9.5

American Honey

2016 Cannes Film Festival Review

Movies Reviews
American Honey

Utterly absorbing and intensely moving, writer-director Andrea Arnold’s American Honey is one of those big, bold, swing-for-the-fences societal portraits that few filmmakers dare attempt. There’s good reason: Try for a definitive snapshot of a country or a generation, and you risk overreaching or succumbing to pretension. Running nearly three hours, American Honey doesn’t let those concerns get in its way, and the result is the sort of electric audacity that paves over the movie’s occasional wobbles. With Red Road and Fish Tank, Arnold has looked closely at poverty, youth and desperation in her native England. With American Honey, she turns her attention to the United States, and what she finds is a vibrant, troubled, mesmerizing land.
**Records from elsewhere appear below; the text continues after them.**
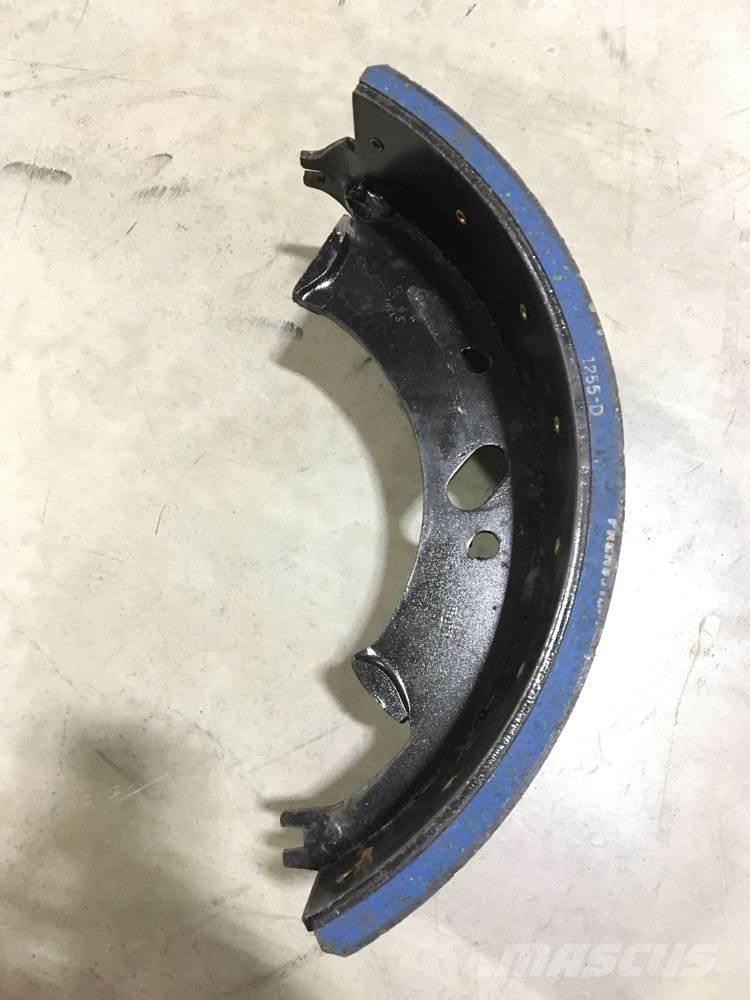  Brake Shoe Pidurid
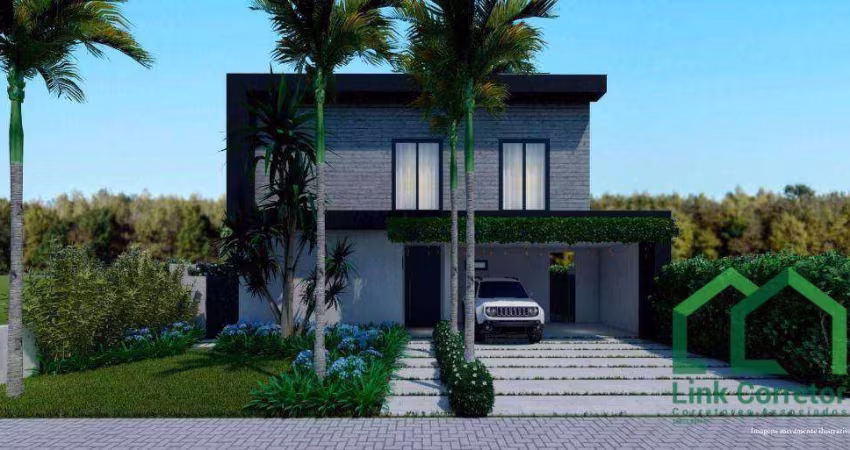 Casa à venda, 352 m² por R$ 3.900.000,00 - Fazenda Pau D Alho - Campinas/SP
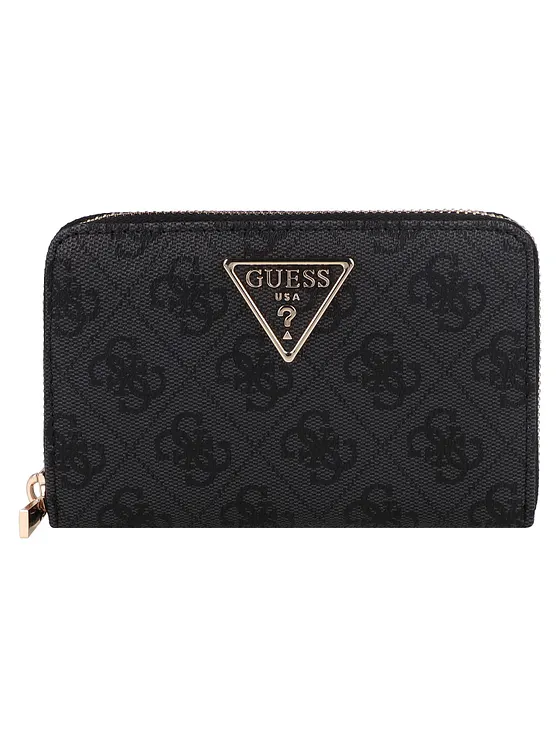 Guess Laurel II Peněženka 14.5 cm Guess Laurel II Peněženka 14.5 cm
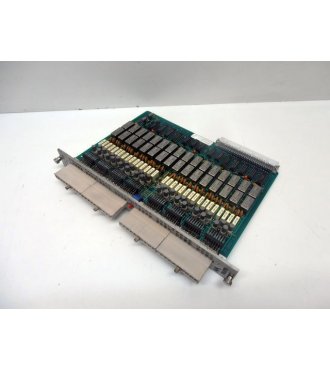 Tarjeta de salida NUM 200578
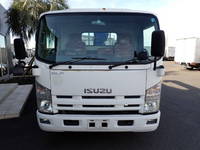 ISUZU Elf Truck (With 3 Steps Of Cranes) BKG-NPR85AR 2011 91,100km_35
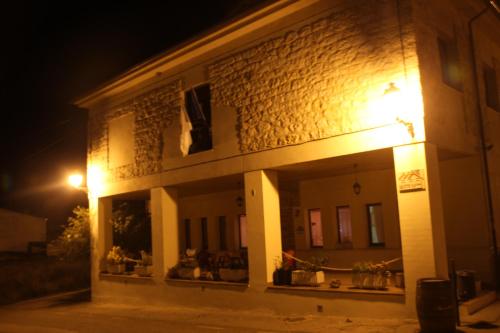 Фотография гостиницы La Sabina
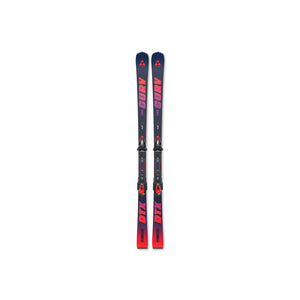 THE CURV DTX Ski Set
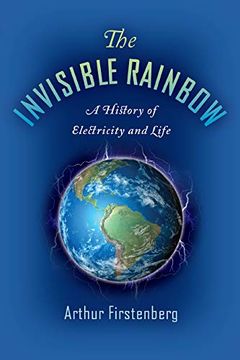 The Invisible Rainbow book cover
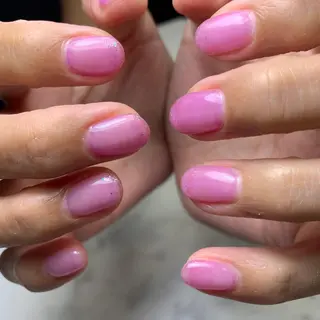 ネイル es nailのネイルデザイン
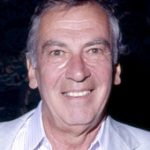 Roger Vadim: uma anedota em sua morte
The film stars newcomer Sasha Lane as Star, who is caring for two young children (her boyfriend’s, not hers), somewhere in the South. Dumpster diving, Star radiates the sort of scrappy, raw energy that marks her as someone who’s never had much money and always had to fight for everything she’s gotten. So, it’s fairly obvious why she takes a liking to Jake (Shia LaBeouf), who drives by in a van with a group of young kids. Catching her eye, Jake is a fellow charming survivor, explaining that he’s part of a group that travels cross-country selling magazines door-to-door. Star can’t believe such an operation exists in the 21st century, but Jake swears there’s decent money to be made. Impulsively, she abandons her makeshift family—her boyfriend seems like a redneck cretin, anyway—and runs off to join another.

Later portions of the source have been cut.